Obligation de transmettre le certificat de salaire des directeurs d’EMS

business-money-pink-coins.jpgLe 7 mai 2008, le Conseil d’Etat vaudois a adopté le règlement fixant les normes relatives à la comptabilité, au contrôle des comptes et à l’analyse des établissements médico-sociaux, des lits de type C des hôpitaux et des centre de traitement et de réadaptation, reconnus d’intérêt public, ainsi que des homes non médicalisés (RCCMS; RSV 830.31.1). Ce règlement s’applique notamment aux EMS reconnus d’intérêt public (art. 1 al. 1 let. a RCCMS). Le Service des assurances sociales et de l’hébergement (ci-après: le SASH) est l’autorité d’application du règlement (art. 3 RCCMS).

Le 26 avril 2017, le Conseil d’Etat a adopté un règlement modifiant le RCCMS. Ce règlement, publié dans la Feuille des avis officiels du 16 mai 2017, porte sur la modification de l’art. 7 RCCMS, et emporte comme modification que les établissements et les entités concernés doivent adresser sous pli séparé au chef du SASH le certificat de salaire du directeur, tel que fourni par l’administration cantonale des impôts (art. 7 al. 2 RCCMS).

Divers requérants demandent à la Cour constitutionnelle du Tribunal cantonal vaudois l’annulation de cette nouvelle disposition.

La Cour examine si l’obligation prévue par l’art. 7 al. 2 RCCMS de remettre au chef du SASH le certificat de salaire des directeurs et directrices des EMS porte atteinte à la sphère privée de ces personnes et, dans l’affirmative, si cette obligation repose sur une base légale suffisante, poursuit un but d’intérêt public et respecte le principe de la proportionnalité. Cette question sera examinée sous l’angle du droit fiscal et du droit du travail.

Le droit au respect de la sphère privée au sens de l’art. 13 al. 1 Cst., garantit notamment le droit de toute personne au respect de sa vie privée et familiale; il protège l’identité, les relations sociales et les comportements intimes de chaque personne physique, l’honneur et la réputation, ainsi que, notamment, toutes les informations se rapportant à une personne qui ne sont pas accessibles au public. L’art. 13 al. 2 Cst. détaille l’une des composantes de ce droit; il prémunit le citoyen contre l’emploi abusif de données qui le concernent et qui ne sont pas accessibles au public. Le Tribunal fédéral a laissé indécise la question de savoir si l’indication du revenu et de la fortune du contribuable, dans le cadre d’une audience publique qu’il a tenue, portait atteinte à la sphère privée du contribuable concerné (ATF 137 II 371 consid. 6. 1). Les garanties de l’art. 13 al. 2 Cst. sont concrétisées par la législation applicable en matière de protection des données (loi fédérale du 19 juin 1992 sur la protection des données (LPD; RS 325.1) ; loi vaudoise du 11 décembre 2007 sur la protection des données (LPrD; RSV 172.65)).
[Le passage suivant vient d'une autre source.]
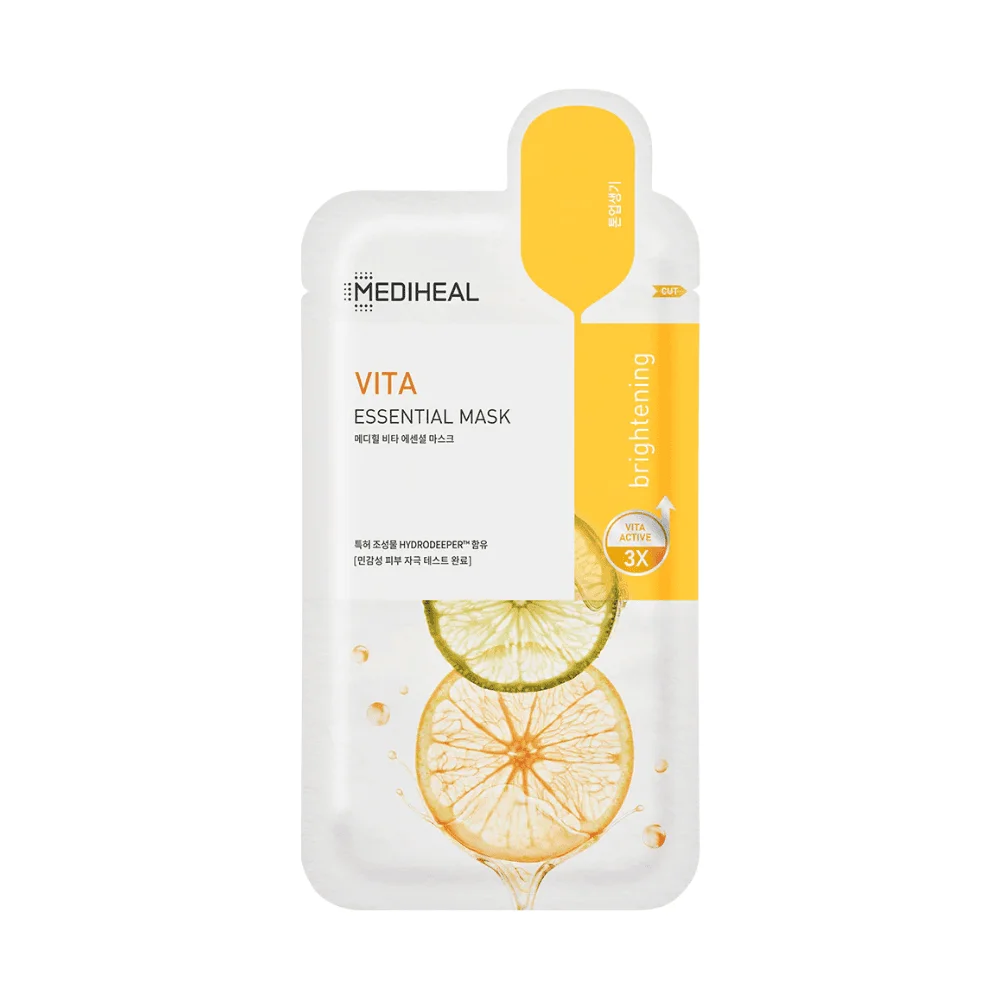 Mediheal Vita Essential Mask 24Ml - produit parapharmaceutique authentique | Parapharmacie Si Ahmed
Les déclarations d’impôt et leurs annexes sont établies sur des formulaires uniformes dans toute la Suisse (art. 71 al. 3 de la loi fédérale du 14 décembre 1990 sur l’harmonisation des impôts directs des cantons et des communes – LHID; RS 641.14). Parmi ces formulaires au sens de l’art. 71 al. 3 LHID figure le certificat de salaire, qui doit être établi par l’employeur à l’intention de l’employé contribuable, qui le remet à l’autorité de taxation (art. 125 al. 1 let. a LIFD, mis en relation avec l’art. 127 al. 1 let. a de la même loi; art. 175, 176 al. 1 et 177 al. 1 let. a LI). Ce formulaire indique le salaire brut, les prestations salariales accessoires, les prestations en capital, les droits de participation, les indemnités des membres de l’administration, les cotisations sociales, le salaire net, la retenue de l’impôt à la source et les allocations pour frais professionnels.
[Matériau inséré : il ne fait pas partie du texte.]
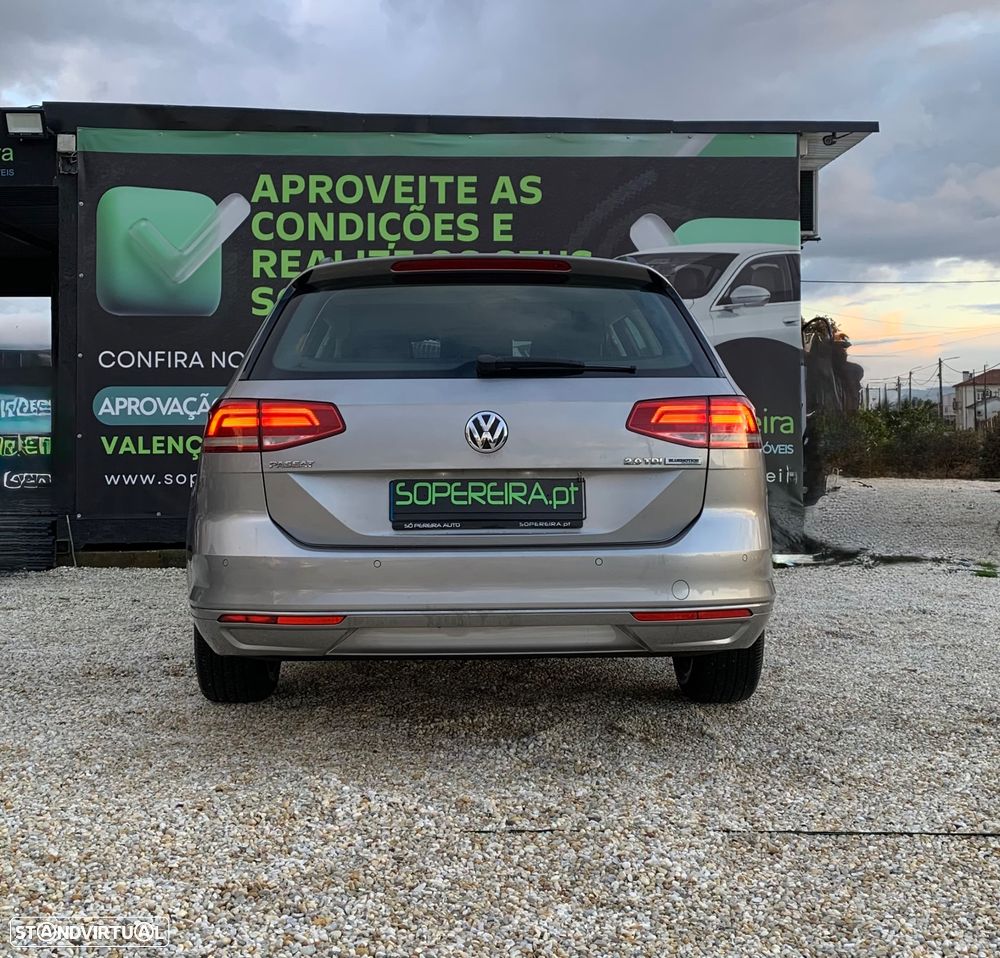 VW Passat Variant 2.0 TDi Business Package DSG - 8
Les personnes chargées de l’exécution de la législation fiscale sont tenus au secret, y compris les délibérations des autorités; elles refusent aux tiers la consultation des dossiers fiscaux; est réservée l’obligation de renseigner, dans la mesure où elle est prévue par une disposition légale fédérale ou cantonale (art. 39 al. 1 LHID, 110 LIFD, 157 LI). Par « personnes chargées de l’exécution de la législation fiscale », on entend toutes les personnes physiques et les autorités concourant, de près ou de loin, à quelque titre que ce soit, à la mise en œuvre de la loi fiscale. La violation du secret fiscal équivaut, pour son auteur, à une violation du secret de fonction au sens de l’art. 320 du Code pénal suisse (CP; RS 311.0. Sont couverts par le secret fiscal tous les faits portés à la connaissance de l’autorité de taxation (ou l’autorité de recours) dans l’exercice de leur fonction fiscale. Cela comprend les informations, renseignements, attestations et autres documents produits par le contribuable ou des tiers (qu’il s’agisse de personnes privées ou d’autres autorités) à l’intention des autorités fiscales, notamment dans la procédure de taxation.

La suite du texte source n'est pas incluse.